By Phyllis Benson ; Updated September 21, 2017
Flowering lantana
Butterfly Buffet image by Claudia O. from Fotolia.com

Lantana is a hardy flowering shrub. Originally a tropical plant, lantana is grown as an annual in most climates and as a perennial in temperate zones. The flowering shrub has more than 150 species ranging from bushes 5 feet tall to compact mounds under a foot. Compact lantana plants are easy to grow, fit most spaces and tolerate difficult garden conditions.


Select compact lantana plants for sunny, well-drained areas. The fast-growing plants bloom profusely with small flower clusters. Colors range from solid yellows and reds to variegated yellow, pink and lavender blooms on tiny bouquet-shaped flower clusters. Lantana plants grow in most soils as long as the roots do not stand in water. Once established, these compact plants survive extreme heat and low water conditions.


Choose compact mounding or trailing lantana for low-water landscapes. Compact plants fit easily into summer hot spots such as open driveway borders and property line dividers. The low-water traits make compact lantana suitable for containers, window boxes, raised beds and other exposed planters. Compact lantana grows well with other sun-loving plants such as marigolds and daisies. Use trailing compact plants as ground cover with other summer low-growers like portulaca.

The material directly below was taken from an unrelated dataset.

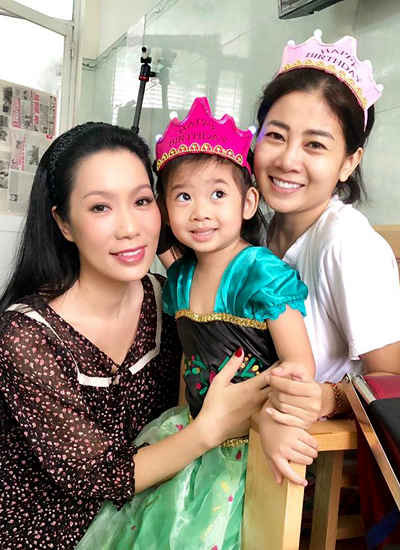 Diễn viên Trịnh Kim Chi (trái) đến mừng sinh nhật của con gái Mai Phương và hỏi thăm sức khỏe đàn em.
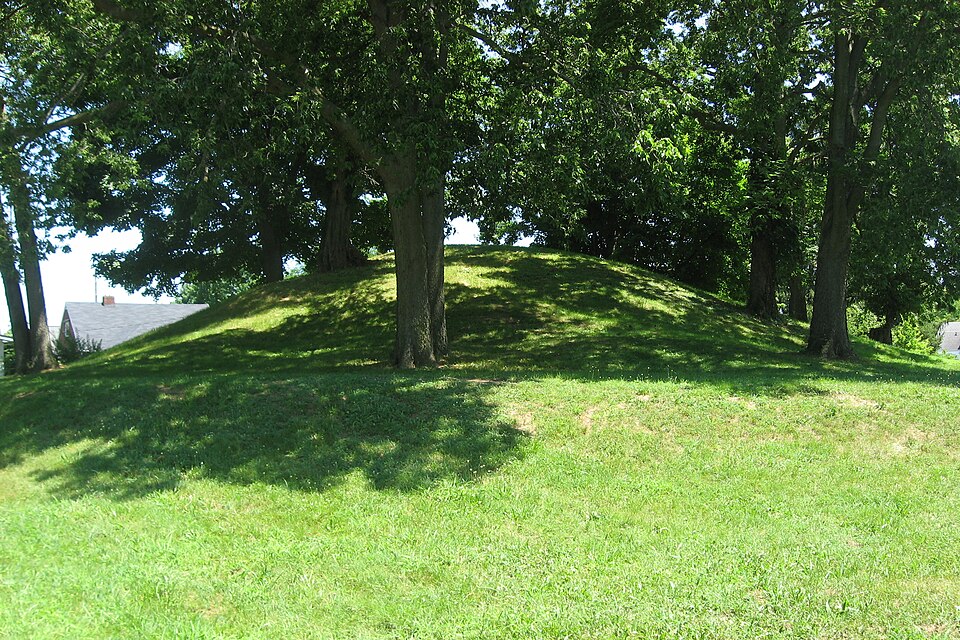Photograph of Story Mound State Memorial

The compact cultivars bloom profusely from spring to autumn. Compact lantana grows well in coastal locations exposed to salt air. The plants require little fertilizer and bloom again if spent flowers are deadheaded. Brilliant blossoms attract butterflies, hummingbirds and other pollinators. Compact lantana plants add color to xeriscape gardens. Easily pruned to fit small spaces, trailing and compact lantana plants thrive in neglected areas such as rock gardens.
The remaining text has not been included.